Articolo 18 nella palude dei 18 mesi. Nuove leggi sul lavoro a fine 2015

Articolo 18 nella palude dei 18 mesi. Nuove leggi sul lavoro a fine 2015
Articolo 18 nella palude dei 18 mesi. Nuove leggi sul lavoro a fine 2015

ROMA – L’articolo 18 dello Statuto dei lavoratori, cioè per dirla in breve la quasi impossibilità e/o l’estrema difficoltà di licenziare o di essere licenziato ricevendo nel caso solo un indennizzo in denaro, vale di fatto per neanche il 20 per cento di coloro che trovano in Italia un posto di lavoro fisso. Tanti sono stati nel 2012/2013 gli assunti con contratto a tempo indeterminato. Ma lo stesso articolo vale anche e soprattutto per i lavoratori assunti a tempo indeterminato negli anni e decenni passati. Non vale per tutti coloro che lavorano a tempo o in maniera autonoma o in piccole e piccolissime aziende. Vale per chi è lavoratore dipendente in aziende medie o grandi. A grandissime linee l’articolo 18 vale per la metà dei lavoratori italiani.
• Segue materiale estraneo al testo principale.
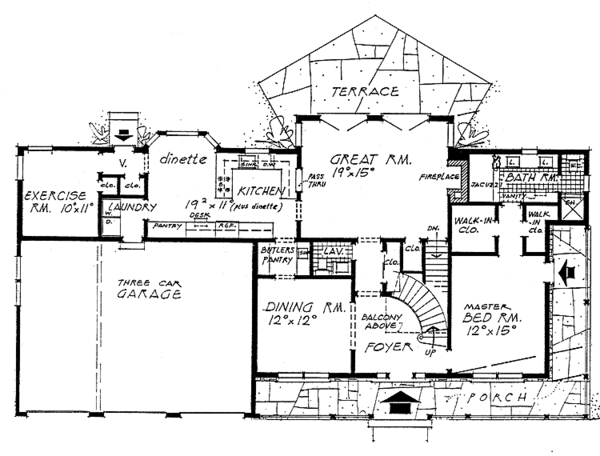 Country Floor Plan - Main Floor Plan #315-127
Se ne discute da decenni. Per alcuni è presidio e garanzia: impedisce ai datori di lavoro di licenziare a piacimento, salva i posti di lavoro. Per altri sposa a vita lavoratore a posto di lavoro, anche quando il posto di lavoro è un cadavere il legame rimane e il lavoratore si trasforma in assistito. Per alcuni è fonte e culla di equità e diritti. Per altri è diritto molto poco equo visto che la metà della popolazione lavorativa ne è esclusa. Per alcuni è una cura contro la disoccupazione che verrebbe incrementata da ondate di licenziamenti se non ci fosse. Per altri è una gabbia, una museruola che sconsiglia il datore di lavoro ad assumere, visto che l’articolo 18 protegge e blinda anche i posti di lavoro improduttivi e rende di fatto impossibili o costosissimi i cambi di produzione.
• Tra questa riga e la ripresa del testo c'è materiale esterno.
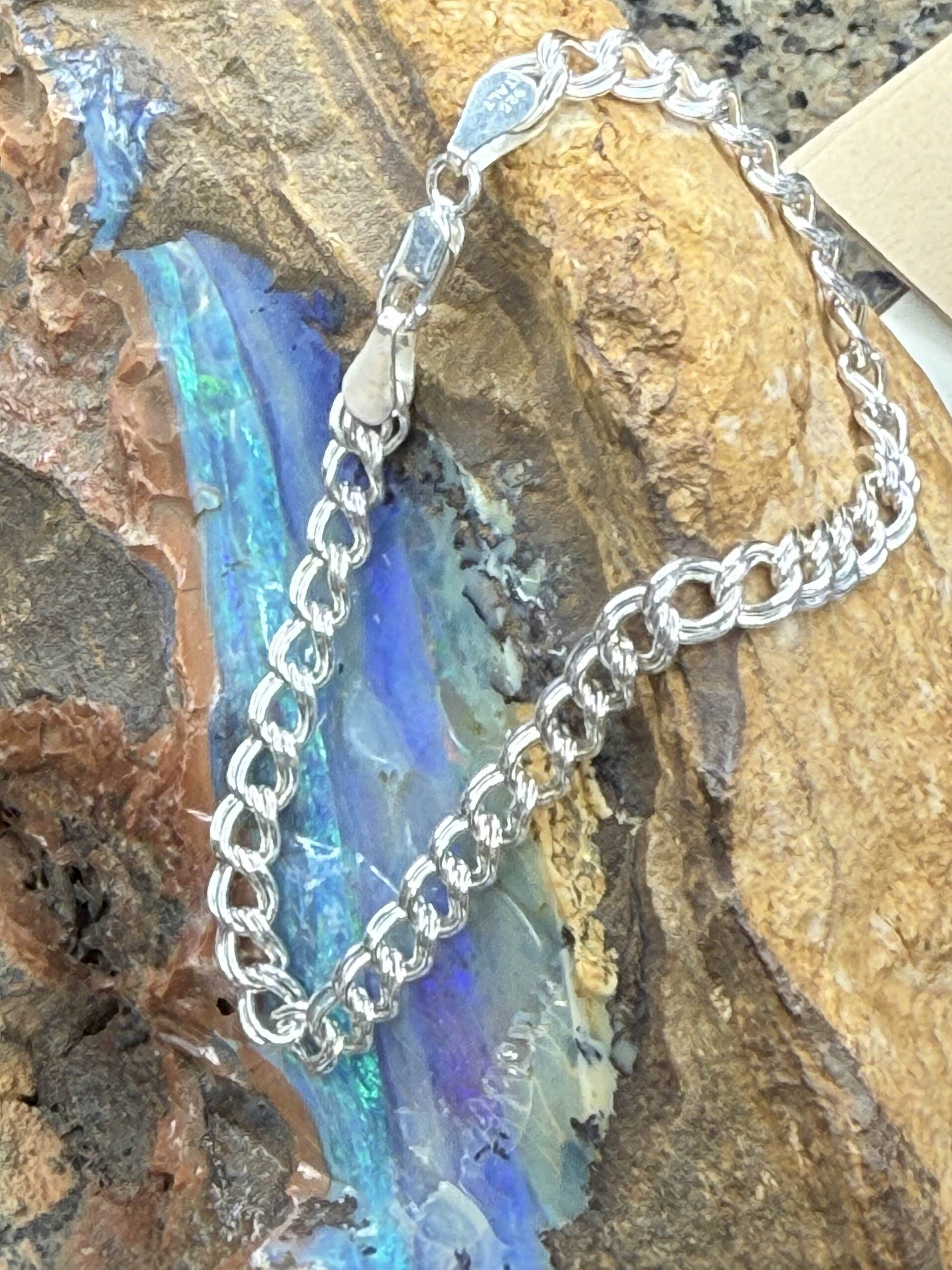 Silver Double Link Bracelet product image (1)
Corollario, l’articolo 18 in precisi casi impone il reintegro in caso licenziamento. Secondo alcuni questa è l’unica giustizia possibile. Secondo altri questa è stortura che toglie al lavoratore licenziato la voglia e la convenienza di riqualificazione professionale, magari assistita dallo Stato e di ricerca di altra e diversa occupazione.

Corollario ancora più grande del primo: l’articolo 18 è una parte del tutto, la più facile di cui discutere e su cui litigare. Il tutto è l’intera legislazione italiana sul lavoro, fatta e assemblata per proteggere e difendere l’occupazione che c’è e non pensata e inadatta a favorire riconversioni industriali e nuova e diversa occupazione. Va avanti da anni: flessibilità e cioè più e diversi posti di lavoro in una vita e quindi leggi che lo consentano e risorse pubbliche e privata disponibilità a entrare e uscire da posti di lavoro con diverse competenze oppure norme e soldi a sostenere il mercato del lavoro così com’è, aspettando che pian piano quelli che sono fuori, i precari, acquisiscano per graduatoria e anzianità i contratti e i diritti di quelli che sono dentro.
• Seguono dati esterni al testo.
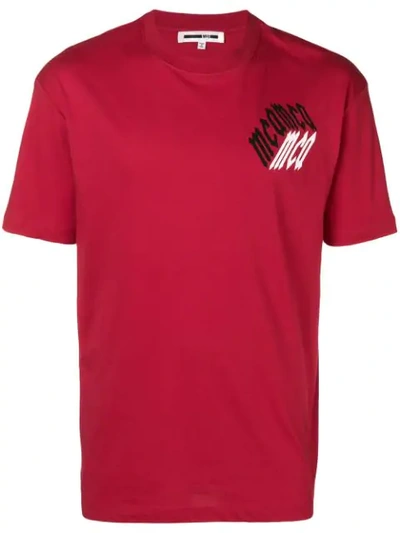 Mcq By Alexander Mcqueen Chest Logo T-shirt In Red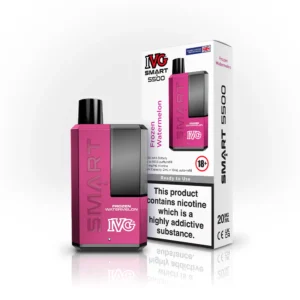 FROZEN WATERMELON IVG Smart 5500 Disposable Vape Kit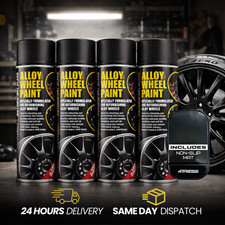 BLACK Alloy Wheel Spray Paint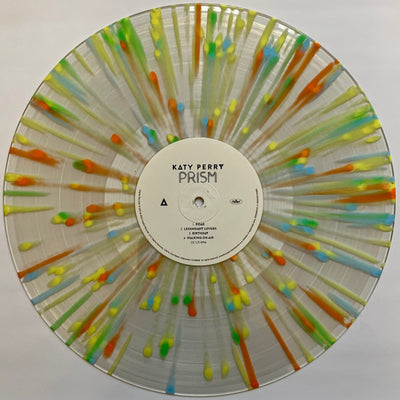 Katy Perry - Prism Limited Edition Reissue 10th Anniversary Clear With Blue Green Orange & Yellow Splatter Coloured Vinyl 2LP (Used)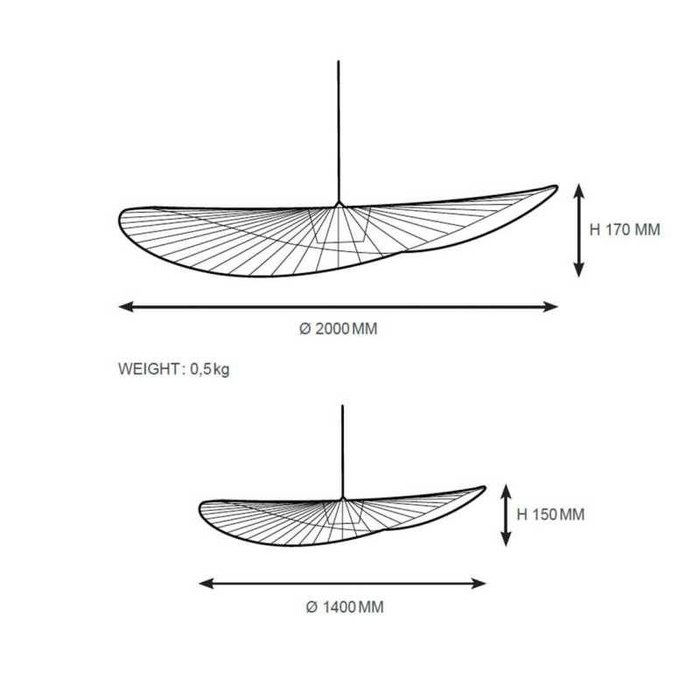 Petite Friture Lampe Suspendue Vertigo Ø200cm - Petite Friture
Va vanti da anni, molti anni e, dovesse andare alla grande e alla meglio, andrà avanti ancora per diciotto mesi. Ed è questo il terzo corollario, quello della impossibilità italiana a non andare lenti, lentissimi, quasi fermi.

Qualunque cosa si pensi dell’articolo 18, dello Statuto dei lavoratori, del contratto unico a tempo indeterminato a garanzie crescenti, se state con la Camusso o con Ichino, se non ne capite niente ma per istinto state a destra o a sinistra con la Cgil o a sinistra con Renzi che proprio non è la stessa cosa, se state con Grillo o con la Lega, se vorreste licenziare tutti sempre o nessuno mai…Se, se…qualunque cosa siate o pensate, state sereni: in Italia sulle leggi sul lavoro se si va di corsa non succede nulla per un anno e mezzo.

“La previsione è quella di far approvare la legge delega entro dicembre. Poi il governo dovrà disporre i decreti delegati, superando il vaglio di conformità del parlamento. Infine ci vorranno i famigerati provvedimenti attuativi. Con questa scaletta saremo fortunati se la riforma entrerà in vigore tra un anno e mezzo”. Riporto le parole chiare e inequivocabili e incontestabili di Maurizio Ferrera sul Corriere della Sera.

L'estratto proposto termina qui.